My fetish for a particular grandma ideal is alive and well. I still sometimes poke through thrift stores searching for the remnants of an age gone by. Aprons. Lace. Quilts. Cookie cutters. Canning jars. I know it's all bullshit but I can't help myself.
In sunny San Diego the thrifting is not as good. Most of the grandma transplants inhabit second life mobile homes and prefer yoga and beach walking to caring for grandbabies. They don't bake and might even be vegans! Do they visit their grandchildren on the holidays or host them here for a visit to the beach? Where would the children sleep in the mobile trailers? The image confuses me -- the lack of coziness painful.
My own grandmothers are nothing like the story book version in my head. My Grandma Helen cooks with Campbells soup and reads bad romance novels. She doesn't like to sew and is luke warm on nurturing in general. I love her fiercely but would never ask her for a favor. My Grandma Lorraine lives in an Arizona trailer park that allows two weekends a year for children to visit the premises. She likes shuffle board and gambling. We never visit. Going back a generation I remember my Great Grandma Mildred smoking long brown Moore cigarettes and drinking luke warm coffee well into her hundreds. She could garden and can with the best of 'em but failed to take an interest in anything I ever did. It stings a bit. The gap between what I wanted and what I got.
The complete indifference my parents display for my own children slips the ideal further afield. Somehow I know they feel it, their total failure to connect with what is right in front of them, the distance much further than a life across the country. My parents (and in laws) continuously check in on facebook or cspan for meaning while spending time together. (And that generation says we are addicted to social media.) They don't twitter but somehow they are staring at a screen while grandchildren take their first steps or try to show them a drawing. They are absent even when present. I want to shake them but somehow together we find solace in taking photos of memories for facebook.
Their visits feel like poking at a wound. The vague memory of a mother and a giant 1980s mobile phone and an empty fridge. Something about that.
Right now I am teaching Charlie about eye contact. Really I am trying to teach him about being present, about paying attention to who is there at the moment. It occurs to me that my own behavior needs tweaking. I turn off my phone. I watch myself.
Almost nothing else is possible if you really want to be present for your kids. Not really. None of us can multitask. I am particularly bad at it.

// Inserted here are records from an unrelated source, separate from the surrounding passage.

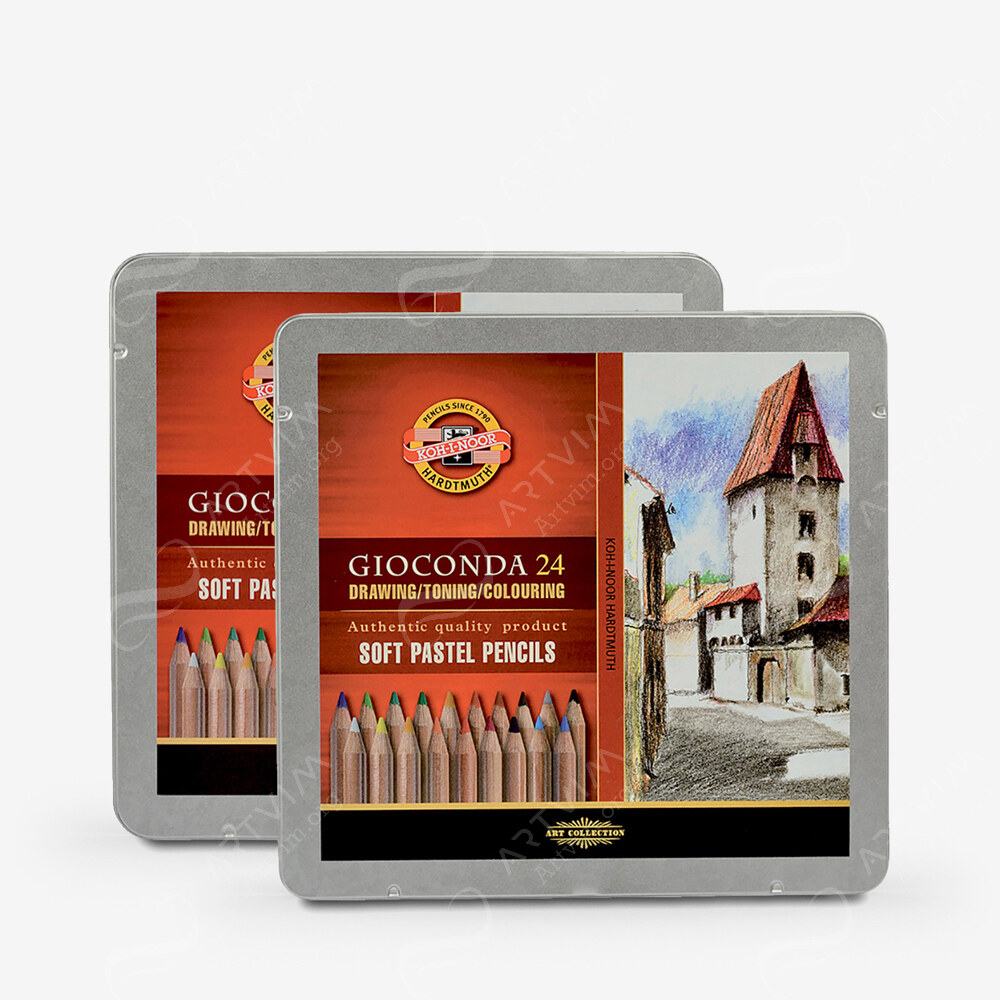 Koh-I-Noor : Gioconda Soft Artist Pastel Pencil Sets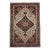 19th Century Persian Farahan Sarouk Rug, Hand-Knotted Wool, Floral Medallion Pattern, Ivory & Blue, 5x7 For Sale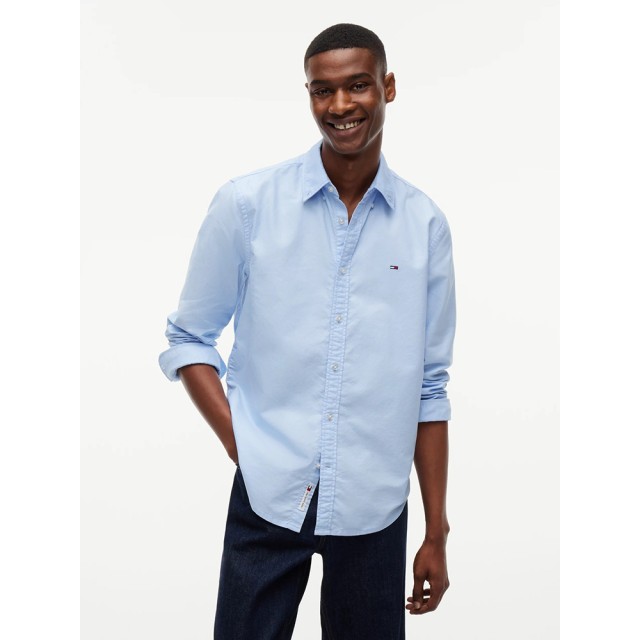 Tommy Hilfiger Tjm Reg Oxford Shirt Ext Ανδρικό Πουκάμισο Σιελ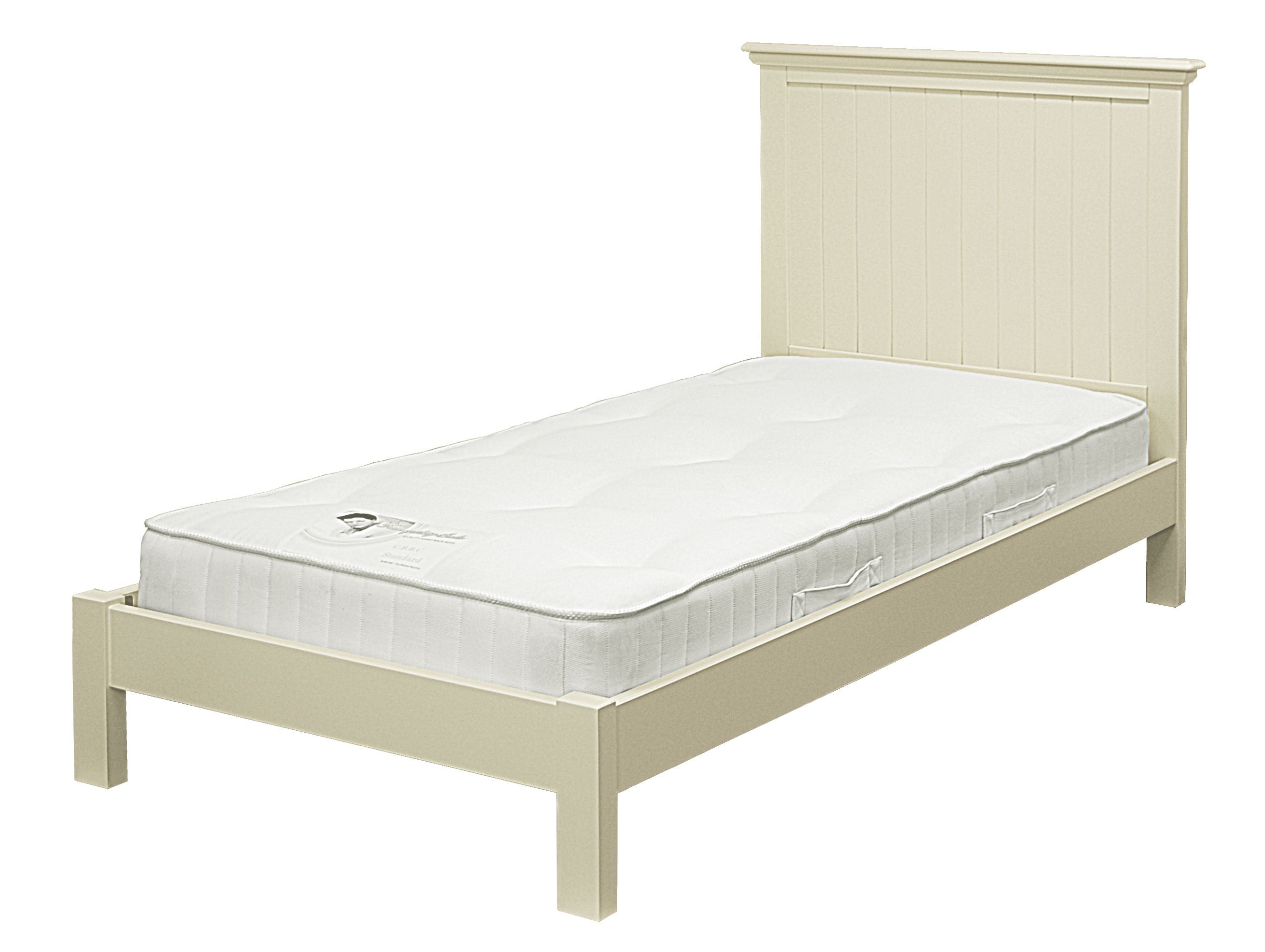 New Hampton Low Foot End Grooved Single Bed - Ivory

You sure as hell can't quilt or bake or make jelly or any of those storybook grandma things I find appealing. It doesn't matter if it's facebook or lace making. Not really. We all want desperately to escape. I struggle. I have stopped thrifting. I try to only write at night or do yoga before the kids awake.
And in regards to your last post... maybe I am an entrepreneur or maybe an artist or maybe a fill in the blank. It doesn't matter to me really. Yes money needs to come in the house to survive, but beyond that I don't care much. My path is to try and be an attentive mom. That's all. I want to be the kind of parent (and grandparent) who is around and useful and can make eye contact. This may sound easy and simplistic, and god love the people who find this so, but for me it means unlearning generations of failure and neglect. It means giving up on storybook idealism. I want to undo the cycle. I just do. And it's crazy hard.
I cried when I read your grandmother's obituary. I was going to put a link here on the blog but I thought maybe you should decide if that's appropriate. I cried particularly here,
for the babies in her family. She never forgot a grandchild’s birthday and attended many of their
performances, school and sporting events.